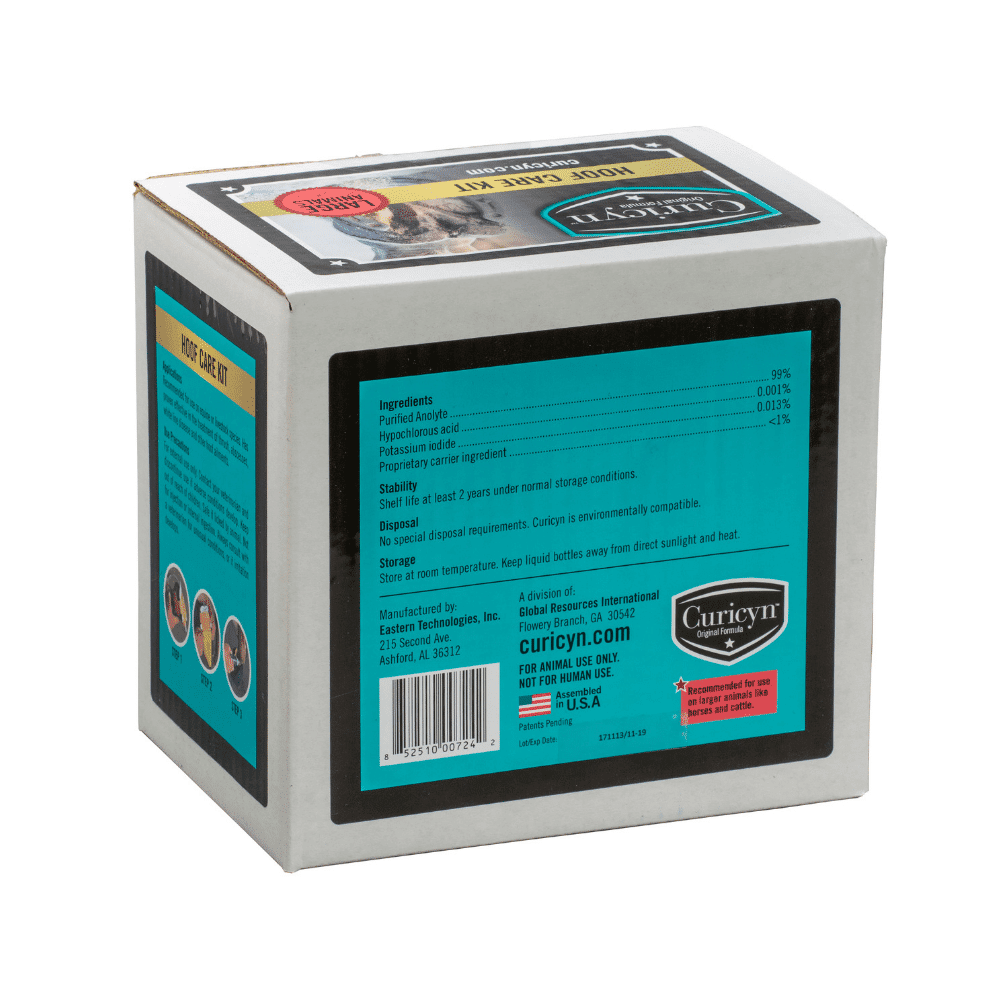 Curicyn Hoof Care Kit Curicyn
------------
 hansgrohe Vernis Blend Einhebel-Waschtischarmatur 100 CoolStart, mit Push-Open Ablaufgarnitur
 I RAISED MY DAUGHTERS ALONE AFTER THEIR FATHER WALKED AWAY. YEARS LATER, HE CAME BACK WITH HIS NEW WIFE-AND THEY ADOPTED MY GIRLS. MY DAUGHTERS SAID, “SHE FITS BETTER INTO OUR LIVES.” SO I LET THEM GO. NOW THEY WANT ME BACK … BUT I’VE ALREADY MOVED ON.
------------
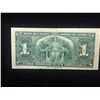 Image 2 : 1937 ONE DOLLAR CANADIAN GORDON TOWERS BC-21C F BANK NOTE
------------
§ WHAT YOU WILL DO
Print, from the entries above, the line with "hansgrohe Vernis Blend", the line with "I RAISED MY" and all lines between them, exactly and with nothing else.

§ SOLUTION TO THIS TASK
 hansgrohe Vernis Blend Einhebel-Waschtischarmatur 100 CoolStart, mit Push-Open Ablaufgarnitur
 I RAISED MY DAUGHTERS ALONE AFTER THEIR FATHER WALKED AWAY. YEARS LATER, HE CAME BACK WITH HIS NEW WIFE-AND THEY ADOPTED MY GIRLS. MY DAUGHTERS SAID, “SHE FITS BETTER INTO OUR LIVES.” SO I LET THEM GO. NOW THEY WANT ME BACK … BUT I’VE ALREADY MOVED ON.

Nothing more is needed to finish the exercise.